WHAT TO WORK ON ▸
Below are some entries. Copy each line that holds the string "Kadın".

Dataset items ▸
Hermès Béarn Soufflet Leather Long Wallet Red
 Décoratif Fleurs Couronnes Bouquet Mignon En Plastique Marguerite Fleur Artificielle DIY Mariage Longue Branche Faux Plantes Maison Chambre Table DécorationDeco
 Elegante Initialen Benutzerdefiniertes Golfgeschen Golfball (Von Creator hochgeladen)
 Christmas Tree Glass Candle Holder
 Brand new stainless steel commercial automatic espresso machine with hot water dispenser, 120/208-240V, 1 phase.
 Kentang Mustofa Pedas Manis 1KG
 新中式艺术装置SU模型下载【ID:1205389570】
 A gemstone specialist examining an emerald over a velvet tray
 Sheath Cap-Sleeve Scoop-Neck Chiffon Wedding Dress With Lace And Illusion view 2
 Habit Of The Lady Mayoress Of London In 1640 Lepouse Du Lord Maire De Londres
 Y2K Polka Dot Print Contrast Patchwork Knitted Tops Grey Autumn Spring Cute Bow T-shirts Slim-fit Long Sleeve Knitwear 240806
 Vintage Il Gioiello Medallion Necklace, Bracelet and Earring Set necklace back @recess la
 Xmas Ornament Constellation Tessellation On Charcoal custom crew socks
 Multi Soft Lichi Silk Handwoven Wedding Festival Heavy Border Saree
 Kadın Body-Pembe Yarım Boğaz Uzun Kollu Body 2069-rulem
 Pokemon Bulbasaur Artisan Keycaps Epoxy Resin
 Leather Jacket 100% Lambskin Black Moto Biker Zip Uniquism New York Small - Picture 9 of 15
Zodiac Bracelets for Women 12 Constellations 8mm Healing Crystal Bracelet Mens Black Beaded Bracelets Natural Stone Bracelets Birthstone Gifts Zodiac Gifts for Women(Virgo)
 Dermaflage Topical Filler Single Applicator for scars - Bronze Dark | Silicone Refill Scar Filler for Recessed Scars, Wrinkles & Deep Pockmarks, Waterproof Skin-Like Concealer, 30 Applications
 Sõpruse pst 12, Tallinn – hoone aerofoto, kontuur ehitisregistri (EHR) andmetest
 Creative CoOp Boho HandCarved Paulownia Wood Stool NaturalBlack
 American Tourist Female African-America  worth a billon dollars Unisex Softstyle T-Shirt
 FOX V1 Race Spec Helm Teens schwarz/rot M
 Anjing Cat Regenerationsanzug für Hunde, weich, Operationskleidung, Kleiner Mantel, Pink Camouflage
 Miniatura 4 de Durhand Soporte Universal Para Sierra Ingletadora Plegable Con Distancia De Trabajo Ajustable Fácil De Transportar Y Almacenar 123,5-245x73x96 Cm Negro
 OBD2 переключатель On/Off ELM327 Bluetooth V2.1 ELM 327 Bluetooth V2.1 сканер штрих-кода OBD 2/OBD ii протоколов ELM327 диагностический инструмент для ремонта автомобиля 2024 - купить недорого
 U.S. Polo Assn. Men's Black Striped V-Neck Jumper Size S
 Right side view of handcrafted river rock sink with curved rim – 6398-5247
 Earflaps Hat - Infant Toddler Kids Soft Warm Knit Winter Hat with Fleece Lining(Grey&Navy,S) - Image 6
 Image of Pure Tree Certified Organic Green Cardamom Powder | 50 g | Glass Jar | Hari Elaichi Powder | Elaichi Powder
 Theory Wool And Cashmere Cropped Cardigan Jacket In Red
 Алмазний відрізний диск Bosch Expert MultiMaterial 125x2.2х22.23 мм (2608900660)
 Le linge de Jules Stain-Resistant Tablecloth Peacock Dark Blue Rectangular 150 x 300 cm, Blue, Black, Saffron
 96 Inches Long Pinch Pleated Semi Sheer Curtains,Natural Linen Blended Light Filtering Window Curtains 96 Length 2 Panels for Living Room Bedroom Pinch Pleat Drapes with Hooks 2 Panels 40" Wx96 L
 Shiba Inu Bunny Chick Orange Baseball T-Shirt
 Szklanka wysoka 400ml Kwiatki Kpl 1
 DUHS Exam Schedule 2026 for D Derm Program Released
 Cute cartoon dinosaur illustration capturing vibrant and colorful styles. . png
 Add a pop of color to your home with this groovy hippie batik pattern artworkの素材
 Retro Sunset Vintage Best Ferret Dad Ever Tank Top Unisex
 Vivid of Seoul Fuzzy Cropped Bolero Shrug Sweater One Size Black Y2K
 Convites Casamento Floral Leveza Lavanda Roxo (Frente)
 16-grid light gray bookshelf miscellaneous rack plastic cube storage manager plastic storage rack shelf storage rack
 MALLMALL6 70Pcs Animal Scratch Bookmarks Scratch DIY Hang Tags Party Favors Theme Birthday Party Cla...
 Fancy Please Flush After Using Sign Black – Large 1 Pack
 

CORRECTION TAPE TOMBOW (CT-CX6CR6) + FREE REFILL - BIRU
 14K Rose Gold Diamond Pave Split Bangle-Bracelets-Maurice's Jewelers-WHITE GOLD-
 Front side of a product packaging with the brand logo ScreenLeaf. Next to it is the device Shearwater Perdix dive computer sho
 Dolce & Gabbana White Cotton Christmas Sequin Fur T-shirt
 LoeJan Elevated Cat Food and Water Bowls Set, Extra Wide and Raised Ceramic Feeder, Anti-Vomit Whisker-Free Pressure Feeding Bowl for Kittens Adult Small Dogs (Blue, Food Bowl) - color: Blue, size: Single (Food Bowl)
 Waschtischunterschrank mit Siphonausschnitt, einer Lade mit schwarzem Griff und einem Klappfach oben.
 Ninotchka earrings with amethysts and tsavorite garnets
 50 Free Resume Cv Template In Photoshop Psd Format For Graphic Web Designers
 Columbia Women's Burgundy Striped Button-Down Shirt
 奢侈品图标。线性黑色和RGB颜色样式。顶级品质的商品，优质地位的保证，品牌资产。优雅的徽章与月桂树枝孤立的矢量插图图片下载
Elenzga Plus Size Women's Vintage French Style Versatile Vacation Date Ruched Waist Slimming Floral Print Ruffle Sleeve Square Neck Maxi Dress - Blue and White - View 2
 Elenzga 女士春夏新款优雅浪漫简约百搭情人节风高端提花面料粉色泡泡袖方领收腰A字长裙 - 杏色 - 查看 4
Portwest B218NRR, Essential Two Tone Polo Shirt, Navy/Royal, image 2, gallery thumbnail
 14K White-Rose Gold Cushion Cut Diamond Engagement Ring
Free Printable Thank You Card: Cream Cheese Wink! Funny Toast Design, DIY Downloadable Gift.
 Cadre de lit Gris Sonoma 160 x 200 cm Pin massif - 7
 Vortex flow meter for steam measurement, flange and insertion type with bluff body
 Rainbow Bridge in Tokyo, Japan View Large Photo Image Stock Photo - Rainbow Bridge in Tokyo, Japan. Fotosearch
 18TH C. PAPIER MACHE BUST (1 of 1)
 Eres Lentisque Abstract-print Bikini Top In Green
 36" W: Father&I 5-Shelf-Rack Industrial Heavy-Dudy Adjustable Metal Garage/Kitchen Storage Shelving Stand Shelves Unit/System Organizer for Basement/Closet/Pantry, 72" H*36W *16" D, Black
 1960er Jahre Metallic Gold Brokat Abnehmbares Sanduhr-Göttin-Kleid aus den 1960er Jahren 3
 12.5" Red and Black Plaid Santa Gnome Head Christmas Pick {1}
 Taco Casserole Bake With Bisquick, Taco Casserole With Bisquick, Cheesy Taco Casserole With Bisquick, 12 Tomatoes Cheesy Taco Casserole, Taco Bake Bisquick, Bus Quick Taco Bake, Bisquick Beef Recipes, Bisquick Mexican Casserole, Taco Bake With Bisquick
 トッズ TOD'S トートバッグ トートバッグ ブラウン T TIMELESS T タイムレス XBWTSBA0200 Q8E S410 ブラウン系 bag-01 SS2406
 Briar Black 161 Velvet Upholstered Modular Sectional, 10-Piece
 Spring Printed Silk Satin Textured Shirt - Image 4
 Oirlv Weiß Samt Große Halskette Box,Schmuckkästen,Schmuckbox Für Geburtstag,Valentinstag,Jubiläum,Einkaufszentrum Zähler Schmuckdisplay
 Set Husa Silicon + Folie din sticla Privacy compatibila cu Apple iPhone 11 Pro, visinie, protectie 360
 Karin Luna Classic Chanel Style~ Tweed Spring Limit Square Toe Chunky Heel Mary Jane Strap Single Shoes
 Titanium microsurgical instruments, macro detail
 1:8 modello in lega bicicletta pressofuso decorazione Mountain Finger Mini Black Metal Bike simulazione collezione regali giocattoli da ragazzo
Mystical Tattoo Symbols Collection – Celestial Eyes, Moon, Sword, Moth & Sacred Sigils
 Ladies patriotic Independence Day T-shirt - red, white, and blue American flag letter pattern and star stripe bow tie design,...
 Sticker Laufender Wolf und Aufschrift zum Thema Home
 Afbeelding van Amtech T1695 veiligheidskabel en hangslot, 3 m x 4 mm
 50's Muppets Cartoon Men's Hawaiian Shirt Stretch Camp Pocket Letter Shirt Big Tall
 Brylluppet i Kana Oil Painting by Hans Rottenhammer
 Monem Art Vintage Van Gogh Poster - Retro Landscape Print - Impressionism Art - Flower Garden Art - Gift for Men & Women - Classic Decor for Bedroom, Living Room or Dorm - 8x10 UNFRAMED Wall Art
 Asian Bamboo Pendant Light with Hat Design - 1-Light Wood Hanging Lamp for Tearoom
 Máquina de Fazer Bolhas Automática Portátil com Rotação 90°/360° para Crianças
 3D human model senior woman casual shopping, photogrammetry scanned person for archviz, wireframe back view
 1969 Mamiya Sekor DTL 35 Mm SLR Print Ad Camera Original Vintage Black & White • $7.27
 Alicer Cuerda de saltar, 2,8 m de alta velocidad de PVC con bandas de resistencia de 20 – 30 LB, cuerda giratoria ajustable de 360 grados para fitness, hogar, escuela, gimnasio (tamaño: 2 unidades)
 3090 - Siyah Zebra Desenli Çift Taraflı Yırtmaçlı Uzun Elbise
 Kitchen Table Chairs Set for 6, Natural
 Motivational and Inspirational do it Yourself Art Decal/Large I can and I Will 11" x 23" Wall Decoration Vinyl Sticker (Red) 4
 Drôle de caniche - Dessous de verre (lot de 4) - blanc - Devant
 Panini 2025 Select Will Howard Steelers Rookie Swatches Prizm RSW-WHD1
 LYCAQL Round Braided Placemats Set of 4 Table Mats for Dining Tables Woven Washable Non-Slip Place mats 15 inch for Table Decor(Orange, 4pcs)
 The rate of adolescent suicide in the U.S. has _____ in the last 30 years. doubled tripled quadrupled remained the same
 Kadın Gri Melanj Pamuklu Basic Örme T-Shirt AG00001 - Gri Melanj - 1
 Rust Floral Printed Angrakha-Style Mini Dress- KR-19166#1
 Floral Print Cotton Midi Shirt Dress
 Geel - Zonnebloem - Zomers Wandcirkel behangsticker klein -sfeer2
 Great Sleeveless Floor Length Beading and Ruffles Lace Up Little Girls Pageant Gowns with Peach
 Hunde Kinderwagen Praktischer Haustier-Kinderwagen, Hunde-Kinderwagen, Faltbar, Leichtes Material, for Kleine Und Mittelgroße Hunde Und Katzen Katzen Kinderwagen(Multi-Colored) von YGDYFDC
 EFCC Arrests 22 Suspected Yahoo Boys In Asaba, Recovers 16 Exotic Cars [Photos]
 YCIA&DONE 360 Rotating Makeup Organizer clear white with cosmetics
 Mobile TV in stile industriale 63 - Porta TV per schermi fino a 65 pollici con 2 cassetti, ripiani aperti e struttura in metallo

ANSWER TO THIS TASK ▸
 Kadın Body-Pembe Yarım Boğaz Uzun Kollu Body 2069-rulem
 Kadın Gri Melanj Pamuklu Basic Örme T-Shirt AG00001 - Gri Melanj - 1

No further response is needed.